Material supplied:
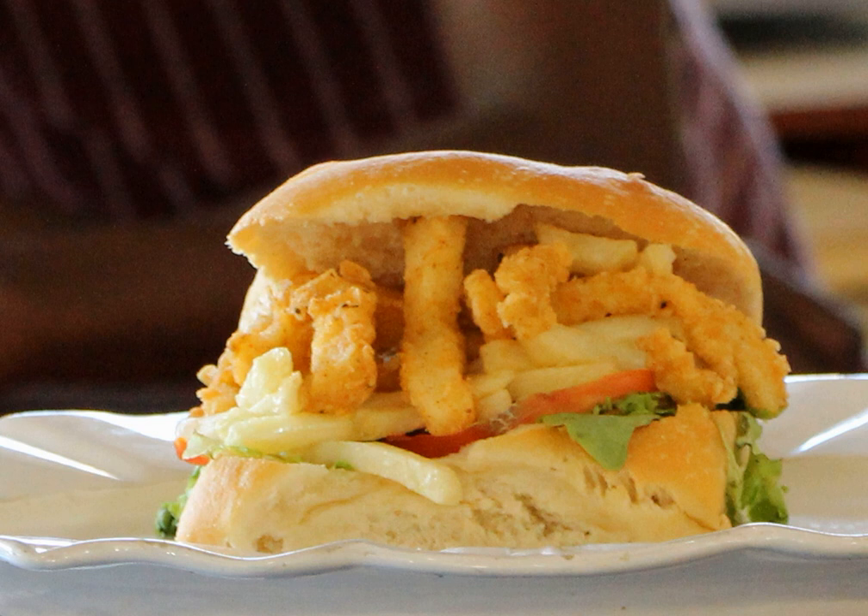Gatsbys originated in the Cape Flats area of Cape Town, where people would often buy large rolls and fill them with whatever leftovers they had from the previous evening's meal. The Gatsby is traditionally made using foot-long rolls, referred to by bakers as drumstick rolls, rather than the hamburger roll popularized overseas, to enable easier filling of the sandwich. The original Polony Gatsby sandwich continues to be the most popular variant among customers as this is the cheapest form of the meal.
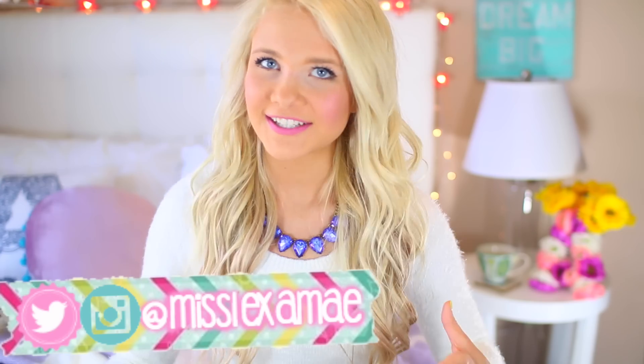Hey guys, so today I'm finally doing my school morning routine. I wanted to do this video for a very long time, but I didn't know if I wanted to do it or not because I don't actually have class until 2 o'clock in the afternoon. But I thought I'd do it anyways because I really, really like watching morning routines, so that's what I'm doing today.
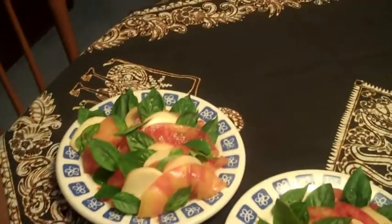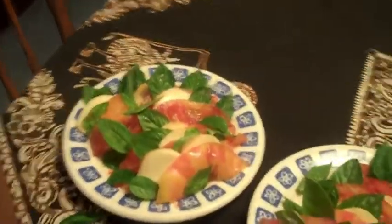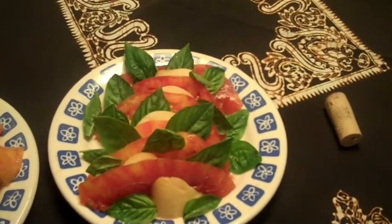Look at this. This is just a side dish here. It's the Chrysler Building on a plate. Look at that. It's smoked mozzarella and heirloom tomatoes and basil.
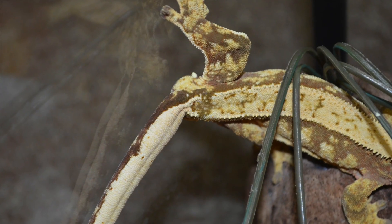Some people may confuse floppy tail syndrome as a sign of metabolic bone disease, but these two are not always linked together. Just because an animal has floppy tail syndrome doesn't mean it has metabolic bone disease. Some ways to prevent floppy tail syndrome is to supplement the animal with the vitamins and minerals it needs and to provide enough foliage, branches, and other materials in their enclosure so they can climb and exercise their tail.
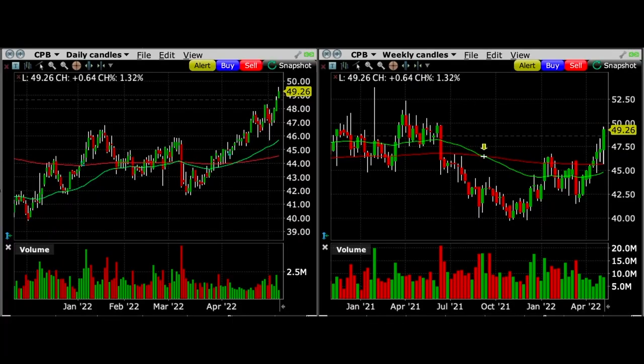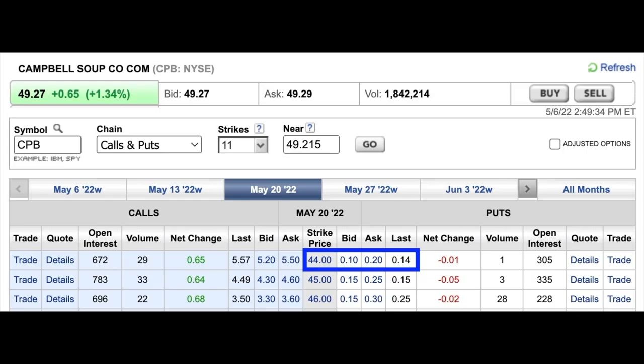That made me feel very comfortable selling this cash-secured put option in Campbell's Soup. Fast forward to today, and as you can see, Campbell's Soup has continued its upward momentum to the point where we could actually close this position out early for around 15 cents per share. That would lock in a really nice return of over 26% annualized, non-leveraged — in a company that sells soup. How great is that?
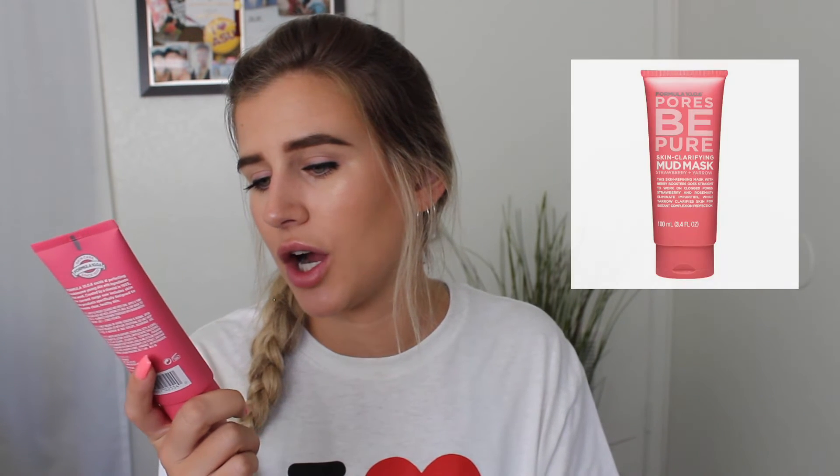One of my favorite face masks right now is the Formula 10.0.6 Pores Be Pure Skin Clarifying Mud Mask with Strawberry and Yarrow. The skin-refining mask with berry boosters goes straight to work on clogged pores — strawberry and rosemary eliminate impurities while yarrow clarifies skin for instant complexion perfection. I use this every now and then when my pores are looking a little bigger than I'd like or clogged, generally just in my T-zone. And with pores, you've got to have your charcoal strips — I do these every now and then especially for my nose, where pores get clogged very frequently.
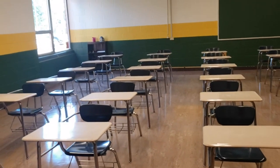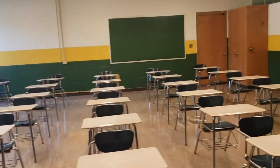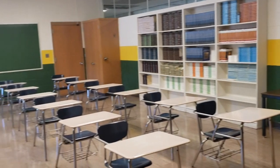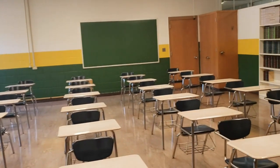Welcome everyone. I'd like to take a moment to show you our classroom setup for the 2020-21 school year. As you can see, we removed all unnecessary furniture to maximize square footage, which allows for more social distancing. Additionally, desks and chairs will be sanitized between each class.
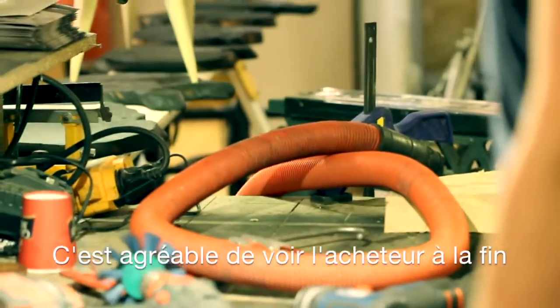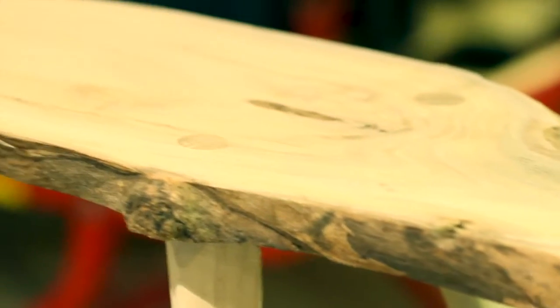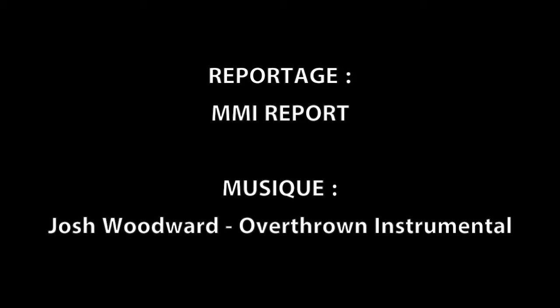It's nice to see when the customer, at the end of the day, is using it. That's a moment of pride.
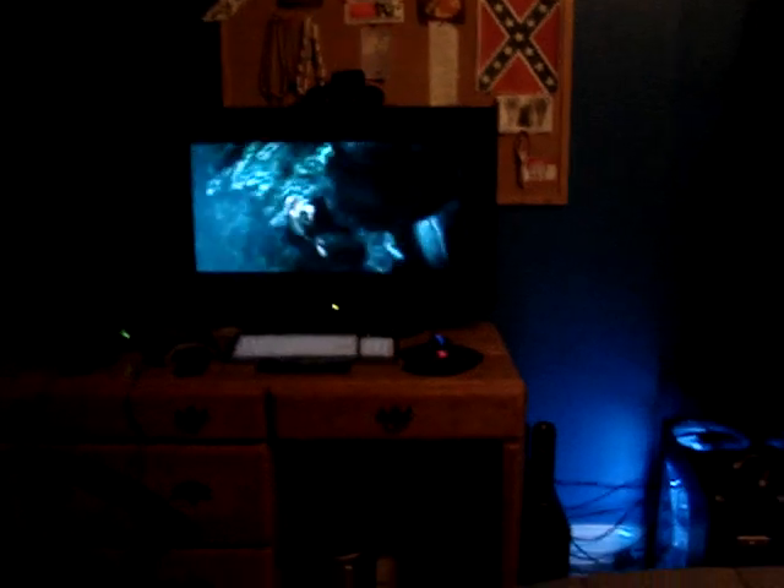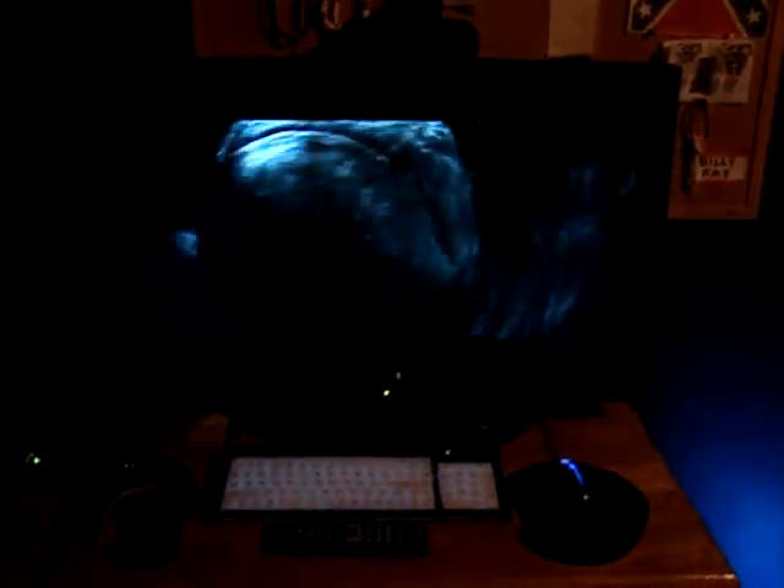And I can finally see the TV from my bed. It's amazing, it really is. And wow, this camera makes the TV look really small.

What the task asks: Nothing should appear in the reply except the lines from the start of the listing above through the line with "That made me", repeated exactly and free of pictures.

Answer section:
Gatsbys originated in the Cape Flats area of Cape Town, where people would often buy large rolls and fill them with whatever leftovers they had from the previous evening's meal. The Gatsby is traditionally made using foot-long rolls, referred to by bakers as drumstick rolls, rather than the hamburger roll popularized overseas, to enable easier filling of the sandwich. The original Polony Gatsby sandwich continues to be the most popular variant among customers as this is the cheapest form of the meal.
Hey guys, so today I'm finally doing my school morning routine. I wanted to do this video for a very long time, but I didn't know if I wanted to do it or not because I don't actually have class until 2 o'clock in the afternoon. But I thought I'd do it anyways because I really, really like watching morning routines, so that's what I'm doing today.
Look at this. This is just a side dish here. It's the Chrysler Building on a plate. Look at that. It's smoked mozzarella and heirloom tomatoes and basil.
Some people may confuse floppy tail syndrome as a sign of metabolic bone disease, but these two are not always linked together. Just because an animal has floppy tail syndrome doesn't mean it has metabolic bone disease. Some ways to prevent floppy tail syndrome is to supplement the animal with the vitamins and minerals it needs and to provide enough foliage, branches, and other materials in their enclosure so they can climb and exercise their tail.
That made me feel very comfortable selling this cash-secured put option in Campbell's Soup. Fast forward to today, and as you can see, Campbell's Soup has continued its upward momentum to the point where we could actually close this position out early for around 15 cents per share. That would lock in a really nice return of over 26% annualized, non-leveraged — in a company that sells soup. How great is that?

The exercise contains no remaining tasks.